Wildensteins sued over missing Monet

March 20 2012

Image of Wildensteins sued over missing Monet

Picture: New York Times

The family from whom a Monet was stolen by the Nazis are suing the Wildenstein Institute, suspecting that they may know where the missing work (above) is. It was listed in Daniel Wildenstein's Monet catalogue as being in an American private collection as recently as 1996. From the New York Times:

Ginette Heilbronn Moulin, 85, the chairwoman of the Galeries Lafayette department store chain, is pursuing a claim that the Wildenstein family, an international dynasty of French art dealers, is concealing information about the stolen work. The canvas, which belonged to the Heilbronn family, vanished in 1941 after a Gestapo raid on a family bank vault.
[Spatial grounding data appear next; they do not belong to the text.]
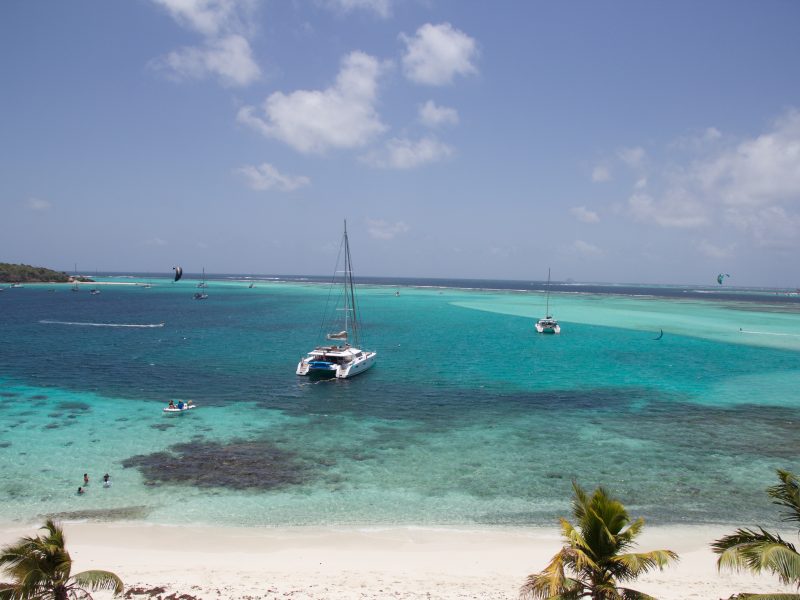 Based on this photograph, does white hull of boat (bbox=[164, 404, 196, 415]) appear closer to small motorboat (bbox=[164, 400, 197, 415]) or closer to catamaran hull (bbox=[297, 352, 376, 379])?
small motorboat (bbox=[164, 400, 197, 415])

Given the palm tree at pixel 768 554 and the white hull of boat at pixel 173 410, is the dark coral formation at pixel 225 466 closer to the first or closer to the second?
the white hull of boat at pixel 173 410

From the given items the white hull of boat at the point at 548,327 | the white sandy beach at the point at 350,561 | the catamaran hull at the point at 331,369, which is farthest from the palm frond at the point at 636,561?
the white hull of boat at the point at 548,327

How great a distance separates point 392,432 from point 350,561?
1399 centimetres

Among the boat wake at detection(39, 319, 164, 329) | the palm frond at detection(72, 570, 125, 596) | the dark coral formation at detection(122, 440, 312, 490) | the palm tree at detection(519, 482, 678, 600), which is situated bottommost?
the dark coral formation at detection(122, 440, 312, 490)

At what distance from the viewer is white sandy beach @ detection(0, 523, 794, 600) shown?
1520 centimetres

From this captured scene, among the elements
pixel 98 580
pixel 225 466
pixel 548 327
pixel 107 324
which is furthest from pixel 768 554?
pixel 107 324

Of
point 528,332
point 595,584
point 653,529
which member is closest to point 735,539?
point 595,584

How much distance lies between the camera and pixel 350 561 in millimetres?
17250

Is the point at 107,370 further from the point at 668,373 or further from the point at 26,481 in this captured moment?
the point at 668,373

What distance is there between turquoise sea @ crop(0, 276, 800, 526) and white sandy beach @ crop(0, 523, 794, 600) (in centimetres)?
109

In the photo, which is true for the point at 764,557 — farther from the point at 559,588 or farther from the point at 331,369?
the point at 331,369

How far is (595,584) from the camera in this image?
9883 mm

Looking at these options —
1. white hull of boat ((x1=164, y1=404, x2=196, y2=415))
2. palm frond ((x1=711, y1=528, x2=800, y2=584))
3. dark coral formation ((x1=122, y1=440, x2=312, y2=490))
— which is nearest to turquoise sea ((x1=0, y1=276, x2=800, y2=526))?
dark coral formation ((x1=122, y1=440, x2=312, y2=490))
Last summer, after Ms. Moulin filed a criminal complaint against the Wildensteins, the French authorities ordered a preliminary investigation. An anti-art-trafficking squad is sifting through World War II documents to pick up the trail of the work, “Torrent de la Creuse,” Monet’s 1889 study of the confluence of the Creuse and the Petite Creuse Rivers.

“It’s not a question of the price of the painting,” Ms. Moulin said in an interview here in her art-filled apartment. “It’s a question of a victory against the Germans and. ...” Her voice trailed off.

The Wildensteins, who have been selling art for five generations, have steadfastly denied any knowledge of the painting’s whereabouts. But Daniel Wildenstein, an Impressionist scholar who died in 2001, included it in two of his widely embraced inventories of Monet’s work. In both he listed it as being in a private collection: an anonymous owner in the first reference and an unidentified American owner in 1996.

The suspicions of Ms. Moulin and her family were aroused last year when more than 30 artworks that had been reported missing or stolen were found in a vault at the Wildenstein Institute, a nonprofit research organization the Wildensteins run from a mansion on the Right Bank. The items, most of which had vanished years earlier during the settlement of estates, were recovered in an unrelated investigation. [...]

Guy Wildenstein, the billionaire who leads the family business from New York, declined through his lawyers to comment on Ms. Moulin’s accusations. But he has contended that the institute never hid missing works, saying it simply lacked a full inventory of what was in its vault.

That's a great excuse - I must remember that.